Already the No. 1 unit in the nation, Calhoun is convinced there is plenty more ahead for the MSU defenders.
"We haven't reached our potential yet, but we have the opportunity to get there," he said. "We just have to take the coaching and understand it."
And what happens if the Spartans reach that potential?
"That is a scary sight," Calhoun said. "I feel like … I can't even explain it. It might be zero rushing yards and the passing yards would be zero, also. If we do what we need to do, there is not team that can beat us on defense. No team can beat us on defense."
While the prediction of zero offensive output is a bit of an exaggeration, Calhoun isn't far off when it comes to there being many teams that can solve the Michigan State defense. Even in Michigan State's one loss – a 17-13 setback at Notre Dame – the Irish picked up seven of their 12 first downs by penalty and were held to their lowest amount of total yards since head coach Brian Kelly took over.
Indiana has done the best job at solving the Spartans, but two of the Hoosiers' scores in last week's game were set up by turnovers deep in Michigan State territory.
"We can be as good as we want to be," said Calhoun, who has 5.5 tackles for loss, three sacks and 13 quarterback hurries. "The sky is the limit for us, the sky is the limit for anyone and if feel like we have a very good opportunity this year. We have a lot of older guys that are leading us with a couple of younger guys out there."
One younger guy that appears close to getting back on field is sophomore Lawrence Thomas. He was moved from fullback to defensive tackle in the spring but has been out with an injury until the past week or two. Thomas has been moved to defensive end and coach Mark Dantonio said this week he hopes Thomas will play this week against Purdue.
Calhoun is excited to get Thomas back on the field.
"I love having him back, he's one of my brothers," Calhoun said. "I have a strong vibe with him whenever we're on the field together. He's a big guy who's 290 pounds but plays like he's 240. He's fast off the ball and good with his hands. Having him back gives us an extra boost. He's part of my class and it's a nasty duo when we are on the field together."
Thomas admitted it was tough sitting out but never questioned he get his chance, and he's ready to prove it.
"I can do a lot," Thomas said. "I can help create more havoc in the backfield, get more sacks. We are a good defense, and I feel like I'm another piece added to the puzzle."
Punt return issues
Michigan State has had its issues returning punts. Andre Sims Jr. had a fumble early in the season that led to a score and Macgarrett Kings Jr. has fumbled in each of the past two weeks. Against Indiana, his fumble led to a Hoosiers' touchdown.
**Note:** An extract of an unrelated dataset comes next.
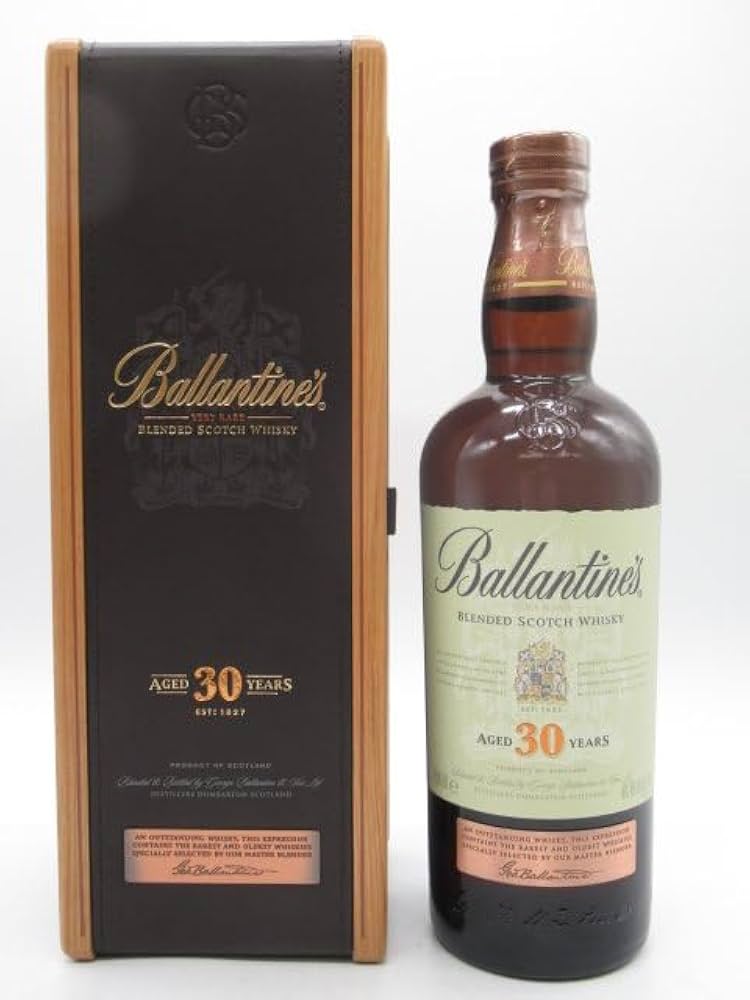 Amazon.co.jp: 【旧ボトル】 バランタイン 30年 木箱入り 40度 700ml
While Kings has provided some spark to the return game, securing the ball is the primary goal at this point of the season.
"It's partially harping on technique and focusing on every single play," special teams coordinator Mike Tressel said. "Especially with a young kid. You need to have quiet feet, you need to be technically sound and camp under that football every single time.
"But we're trying to do more things in terms of having people run down on them as they are catching the ball and forcing them to run the gauntlet, different things to put more stress in their lives. It really comes down to, Macgarrett has plenty of skill where he should never have to be catching the ball (high). That's not having attention to detail every rep. Once he understands that, he'll be better off."
Tressel said defensive back Darqueze Dennard works periodically in practice returning punts but the position he plays makes it hard.
"You get tired going from corner and pressing guys man to man," Tressel said. "That's a lot of running. We don't want a guy back there huffing and puffing and the return comes after the defense has a stop and he probably just covered three straight go routes. We have to consider that."